Filming starts next month for sequel to Trainspotting
The sequel to British blockbuster Trainspotting will start shooting in Scotland in May, actor Robert Carlyle has revealed.
Carlyle, who plays psycho Begbie in both movies, said the script for the new film is "absolutely fantastic" and stronger than the first film.
The actor joined Trainspotting's literary author Irvine Welsh at The Usher Hall in Edinburgh to mark 20 years since the original movie.
Carlyle said: "We start shooting, I understand, in the middle of May and I think it's going to be pretty much 50-50 between Edinburgh and Glasgow.
"I'm basing this on nothing other than the fact that the production office is on Bathgate. There's a clue there.
"What I will say is that all the characters are exactly where you would want them to be.
"The strength of this new script is the fact that the narrative is a bit stronger than it was in the original.
"In the first one, when you think about it, it's hard to remember what they did other than get together, the drug deal at the end, and then it's over.
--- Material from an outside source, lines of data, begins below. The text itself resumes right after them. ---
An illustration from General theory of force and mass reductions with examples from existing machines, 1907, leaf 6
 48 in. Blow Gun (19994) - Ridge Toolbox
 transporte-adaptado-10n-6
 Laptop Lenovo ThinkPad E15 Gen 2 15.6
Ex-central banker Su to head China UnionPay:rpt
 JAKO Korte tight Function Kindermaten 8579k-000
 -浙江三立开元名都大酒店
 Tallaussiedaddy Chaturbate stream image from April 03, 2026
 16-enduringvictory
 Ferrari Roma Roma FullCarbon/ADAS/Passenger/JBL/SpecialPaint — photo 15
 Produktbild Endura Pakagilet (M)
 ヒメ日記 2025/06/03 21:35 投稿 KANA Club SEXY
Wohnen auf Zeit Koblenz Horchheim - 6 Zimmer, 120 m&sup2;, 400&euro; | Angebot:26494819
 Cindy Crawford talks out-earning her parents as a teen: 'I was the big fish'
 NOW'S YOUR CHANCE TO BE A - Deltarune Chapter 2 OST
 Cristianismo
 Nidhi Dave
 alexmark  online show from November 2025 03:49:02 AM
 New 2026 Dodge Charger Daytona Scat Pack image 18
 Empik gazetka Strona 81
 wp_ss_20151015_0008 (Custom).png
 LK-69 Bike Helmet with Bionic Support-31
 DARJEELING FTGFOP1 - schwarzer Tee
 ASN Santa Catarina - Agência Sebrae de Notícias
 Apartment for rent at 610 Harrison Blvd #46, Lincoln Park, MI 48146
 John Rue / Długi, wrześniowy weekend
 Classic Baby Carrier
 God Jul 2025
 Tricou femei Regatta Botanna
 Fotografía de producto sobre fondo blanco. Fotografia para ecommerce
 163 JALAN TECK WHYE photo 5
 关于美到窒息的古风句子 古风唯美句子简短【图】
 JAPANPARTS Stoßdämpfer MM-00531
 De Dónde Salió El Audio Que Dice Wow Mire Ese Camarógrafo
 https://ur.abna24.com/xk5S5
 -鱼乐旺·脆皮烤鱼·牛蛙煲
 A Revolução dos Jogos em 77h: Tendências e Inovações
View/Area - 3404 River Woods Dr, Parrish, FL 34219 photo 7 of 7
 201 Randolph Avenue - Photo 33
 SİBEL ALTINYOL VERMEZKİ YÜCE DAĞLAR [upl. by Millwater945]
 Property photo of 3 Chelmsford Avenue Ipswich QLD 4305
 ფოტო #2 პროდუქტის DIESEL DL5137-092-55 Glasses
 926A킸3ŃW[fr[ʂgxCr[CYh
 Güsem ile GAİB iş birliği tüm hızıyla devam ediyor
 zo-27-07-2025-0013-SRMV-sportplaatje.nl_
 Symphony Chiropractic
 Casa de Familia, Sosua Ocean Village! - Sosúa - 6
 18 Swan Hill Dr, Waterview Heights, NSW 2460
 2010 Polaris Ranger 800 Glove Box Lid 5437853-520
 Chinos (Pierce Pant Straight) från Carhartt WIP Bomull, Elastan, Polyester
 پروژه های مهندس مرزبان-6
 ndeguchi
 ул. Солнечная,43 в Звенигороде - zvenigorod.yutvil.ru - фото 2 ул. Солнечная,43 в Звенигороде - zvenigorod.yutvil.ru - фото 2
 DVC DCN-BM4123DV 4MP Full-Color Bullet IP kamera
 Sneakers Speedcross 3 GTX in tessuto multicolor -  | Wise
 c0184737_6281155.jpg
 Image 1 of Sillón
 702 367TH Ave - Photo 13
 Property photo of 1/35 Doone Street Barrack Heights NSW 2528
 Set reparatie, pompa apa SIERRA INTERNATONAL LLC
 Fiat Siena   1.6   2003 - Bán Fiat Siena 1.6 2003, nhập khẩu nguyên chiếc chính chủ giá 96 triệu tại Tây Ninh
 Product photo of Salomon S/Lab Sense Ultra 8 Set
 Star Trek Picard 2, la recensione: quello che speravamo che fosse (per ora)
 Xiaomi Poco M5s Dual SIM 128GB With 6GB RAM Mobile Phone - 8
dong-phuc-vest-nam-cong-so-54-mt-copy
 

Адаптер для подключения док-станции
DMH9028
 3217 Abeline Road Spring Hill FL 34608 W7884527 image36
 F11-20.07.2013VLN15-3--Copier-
"This has maybe got a wee bit more to it in terms of what they've been up to through these years.
"You learn a lot about Renton, Sick Boy and indeed Begbie and where their heads are.
"I think it's an absolutely fantastic script. John Hodge has done a wonderful job, as he did with the original.
"Fingers crossed people will take it on board and they will enjoy it."
Carlyle and Welsh said Begbie is a uniquely Scottish thug that cannot be found in their adopted homes in America.
Begbie relishes up close and personal violence, in contrast to the USA where violence is "all about the gun".
The pair also predicted the sequel will contain a nod to the original movie's Britpop, punk and house soundtrack.
Welsh revealed he was initially sceptical about 1990s Britpop artists featuring in a movie based on his book about 1980s Edinburgh drug culture.
Carlyle said: "Without giving anything away, there's a moment in the script where Renton goes to his room back in Edinburgh, which hasn't changed from back in the day.
"He goes to his record collection and has a flick through, and I imagine you will see some of the titles.
"When I read the screenplay last year I was v ery moved by that.
"It was quite emotional because this music is as much part of the soundtrack of my life as the film's.
"It's in there but I genuinely don't know what Danny's (Danny Boyle) plans are with the music. There will be a nod to it, I would imagine."
Welsh said: "A lot of the artists like Iggy Pop, Lou Reed and some of the house stuff was in the book, but I couldn't really see the Britpop stuff working.
"I was completely wrong about that. The genius of the original soundtrack was it gave it a sense of place, a sense of time, and helped make it into such an iconic film.
"It was so low budget that I was about getting artists that we knew involved, and basically give us something for nothing to licence the tracks."